DON’T TURN EAST, TAKE A LEFT

 By Norris Chambers

             Did you ever get lost? A sense of direction is a strange thing. From the time I was quite young I knew which directions were north, south, east and west. If I walked away in a certain direction I could usually return without a problem. The first exception to this ability came when I was about eight years old and it was very confusing to me. Clifton and two of his younger brothers and I were hunting with slingshots on a cold and cloudy day. We decided to build a fire and let the game come to us. We were about a half mile west of my home in brushy country and no game came near us. Our next move was to go out separately in different directions and return to the fire when we got cold. This sounded like a good plan so I started my hunt in a southerly direction.

            After a reasonable hunting time with no results I decided to return to the fire. I walked a long time and nothing looked familiar. I knew I was going in the right direction, so I kept walking. Eventually I came to a little road that wandered through the brush. I was not familiar with it but decided to follow it since it was going in the right direction. After a long walk I arrived at an unfamiliar house. I realized that I was helplessly lost and reluctantly knocked on the front door. A man opened the door and invited me in. I told him that I was apparently lost and asked him if he knew where my family lived.

            “You are lost!” He told me. “The Chambers place is at least five miles north of here. If you go back down the road you came in on and turn left on the road you come to you will be almost home.”  He was right.

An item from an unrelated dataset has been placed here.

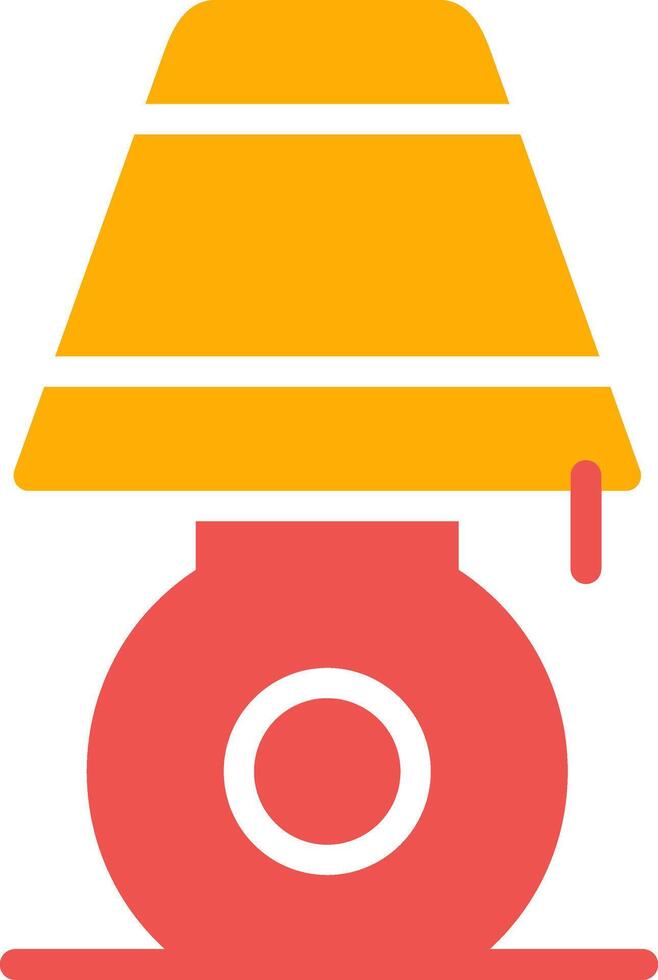 Desk Lamp Creative Icon Design vector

After I got to the other road I knew where I was and the directions flipped around. It was a peculiar feeling. Our hunting party had returned and they were concerned about my absence.

            My mother sympathized with me and told how she had a similar experience a few years before. For years they had been going to a little town about fifteen miles away. The road leading to the town had many turns in it since the old roads were built around farms instead of through them. When progressive officials built better roads they built them straighter. The first time they went to town using the new road she came in from the wrong direction. The whole town seemed backwards. She said she had finally got accustomed to the new directions and everything was O.K.

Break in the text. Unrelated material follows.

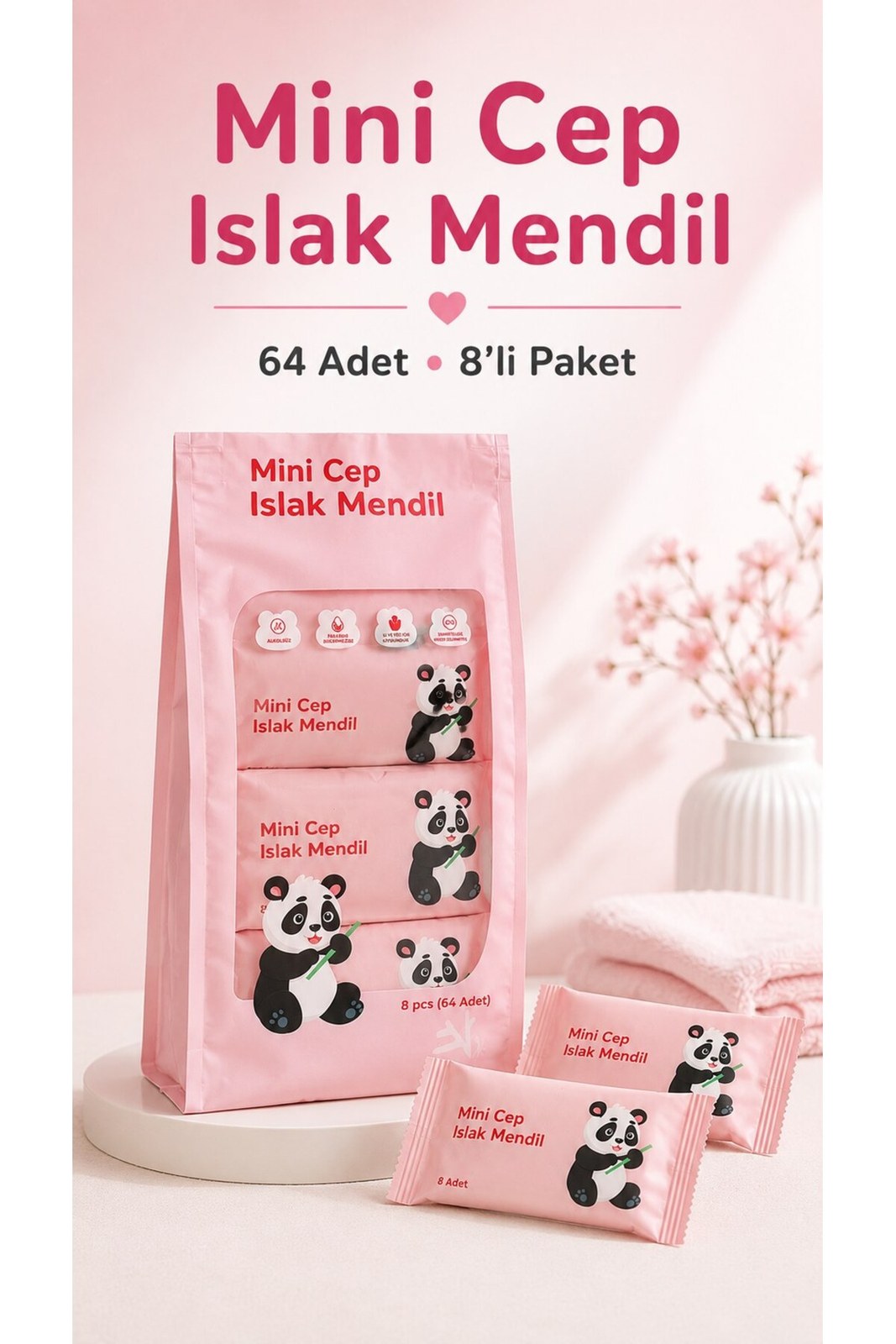 Mini Cep Islak Mendil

            A few times I had experiences like that when hunting on a dark night. I wouldn’t realize that I had lost my sense of direction until we arrived at a fence or a familiar hill or tree, then things would spin around and I would be back to normal. When I was much older I walked about three miles to get on a school bus. I had to leave in the dark and pass though about a quarter mile of thick brush. Sometimes I would lose my sense of direction and emerge from the brush on the wrong side. I solved this problem by carrying a small compass and a pocket full of matches for a reading light.

            When I first came to the Fort Worth area many years ago the direction of north was where west should be. I knew that this was right, but it just didn’t seem like north was in the right place. I had not learned that north was in that direction. Actually the north that I had grown up with was wrong. When I looked at a state map and studied it carefully it was obvious that what I had always thought was north was east.

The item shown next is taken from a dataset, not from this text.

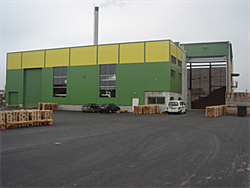 Biomasseheizwerk Lagerhaus Eferding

            I finally managed to accept the new north and be comfortable with it. Actually, it never bothered me much. I knew where I wanted to go and I went. I often wonder how many people think of a direction as being north when actually it isn’t. If you never moved from the area where you grew up you would have no way of knowing. Of course the compass could tell you that you were mistaken.

            Some scientists believe that the earth’s magnetic field enables people to know the directions and that some have stronger or weaker brain receptors for reading the field. There are migrating birds that always know where they are going hundreds of miles away and of fish that return to the same streams where they were born to spawn after thousands of miles journeying through the ocean. Some people occasionally have directional problems and some do not.

            I never have let the name of the directions bother me in my search for finding fun. Whether you look north or south be sure you don’t pass up any fun along the way.

            Really, the name doesn’t mean that much – a rose by any other name would smell the same! Some pessimist might add, “So would a skunk”!